## [Task directions]
Transcribe the data below exactly, but only from the line containing "图片[7]-辣姐】嘴塞袜子物化狗奴/踩踏喂食/喝洗脚水" through its final line, both included.

## [Input]
--------
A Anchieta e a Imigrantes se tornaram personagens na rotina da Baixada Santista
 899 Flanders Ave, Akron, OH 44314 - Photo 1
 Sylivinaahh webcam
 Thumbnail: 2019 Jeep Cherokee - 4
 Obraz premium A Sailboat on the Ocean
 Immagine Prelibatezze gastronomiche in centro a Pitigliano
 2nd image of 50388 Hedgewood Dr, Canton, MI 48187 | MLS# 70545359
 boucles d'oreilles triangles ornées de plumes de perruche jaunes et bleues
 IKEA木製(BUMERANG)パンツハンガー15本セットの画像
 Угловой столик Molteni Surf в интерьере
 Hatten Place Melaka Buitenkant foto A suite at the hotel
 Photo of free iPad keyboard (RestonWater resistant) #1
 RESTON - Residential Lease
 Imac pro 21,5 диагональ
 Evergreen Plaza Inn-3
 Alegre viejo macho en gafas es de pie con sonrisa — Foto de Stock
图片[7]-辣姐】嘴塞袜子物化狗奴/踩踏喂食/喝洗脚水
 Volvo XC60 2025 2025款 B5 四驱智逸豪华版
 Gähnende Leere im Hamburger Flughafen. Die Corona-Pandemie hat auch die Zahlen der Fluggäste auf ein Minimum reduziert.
--------
## [Answer area]
图片[7]-辣姐】嘴塞袜子物化狗奴/踩踏喂食/喝洗脚水
 Volvo XC60 2025 2025款 B5 四驱智逸豪华版
 Gähnende Leere im Hamburger Flughafen. Die Corona-Pandemie hat auch die Zahlen der Fluggäste auf ein Minimum reduziert.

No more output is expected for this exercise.